• Material to process
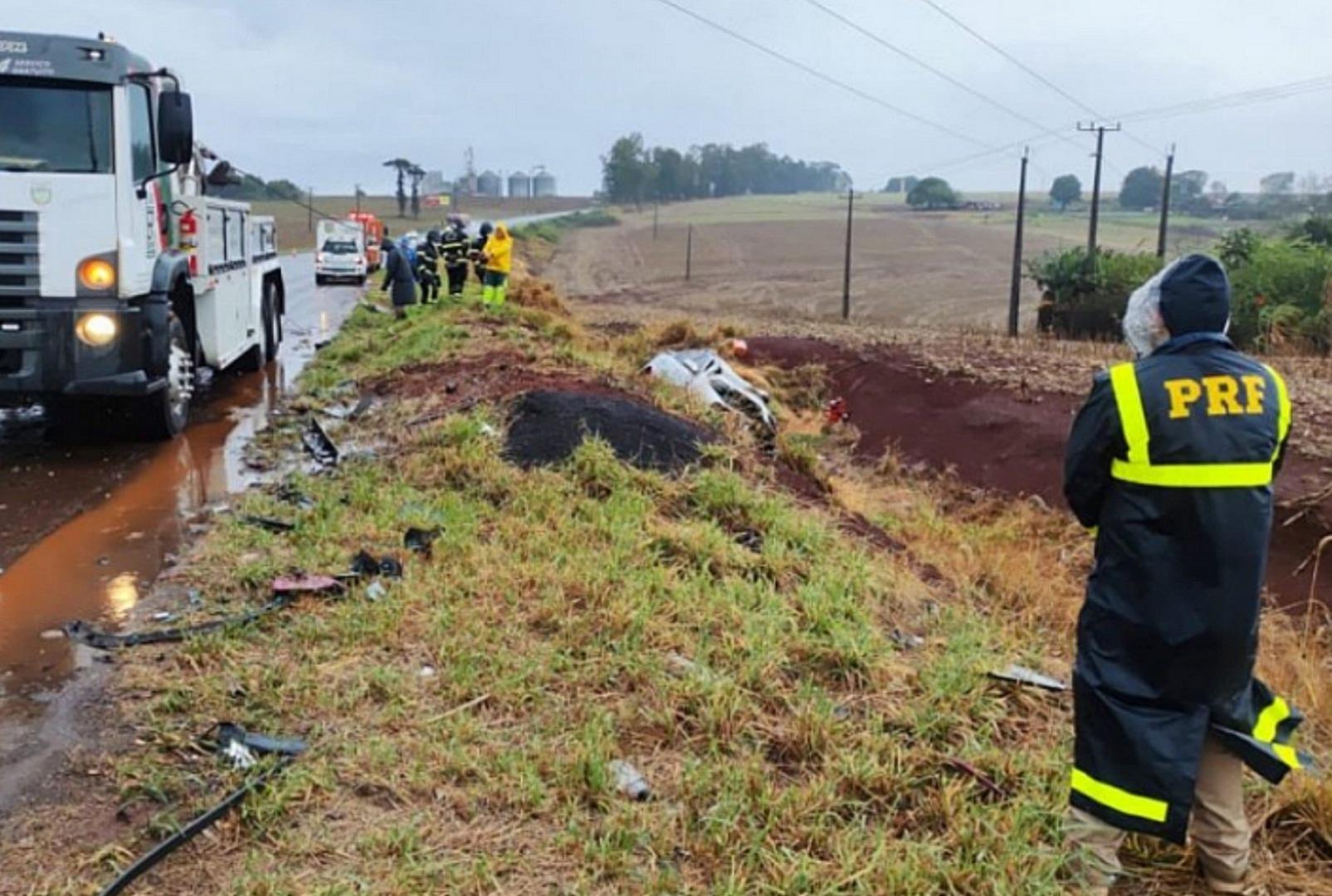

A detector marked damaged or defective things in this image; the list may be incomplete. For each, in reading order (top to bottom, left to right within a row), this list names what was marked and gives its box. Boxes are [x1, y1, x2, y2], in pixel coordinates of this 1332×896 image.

crashed car [641, 348, 777, 431]
broken plastic [641, 348, 777, 431]
broken plastic [302, 416, 342, 465]
broken plastic [989, 664, 1076, 694]
broken plastic [611, 760, 651, 803]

• Work request
Could you repeat every record exactly as written, with the pictures left out?

• Task result
A detector marked damaged or defective things in this image; the list may be incomplete. For each, in reading order (top to bottom, left to right within a row), this list names what was marked and gives its box. Boxes are [x1, y1, x2, y2], in pixel coordinates of this 1332×896 image.

crashed car [641, 348, 777, 431]
broken plastic [641, 348, 777, 431]
broken plastic [302, 416, 342, 465]
broken plastic [989, 664, 1076, 694]
broken plastic [611, 760, 651, 803]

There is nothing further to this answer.